What the task requires -> From the listing below, copy only the lines from the line that contains "for Easy Install!" to the line that contains "[새상품] 풋조이 웨더소프 24cm 왼손용 화이트", counting those two lines as part of the copy.

Data section ->
----------------

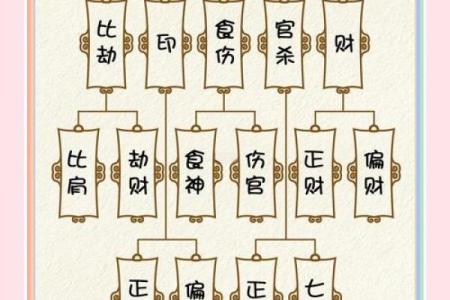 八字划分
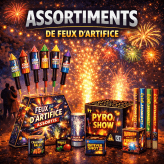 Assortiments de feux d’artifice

----------------

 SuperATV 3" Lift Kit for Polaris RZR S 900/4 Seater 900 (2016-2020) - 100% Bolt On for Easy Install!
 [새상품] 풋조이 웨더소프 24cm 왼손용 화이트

----------------

Result ->
 SuperATV 3" Lift Kit for Polaris RZR S 900/4 Seater 900 (2016-2020) - 100% Bolt On for Easy Install!
 [새상품] 풋조이 웨더소프 24cm 왼손용 화이트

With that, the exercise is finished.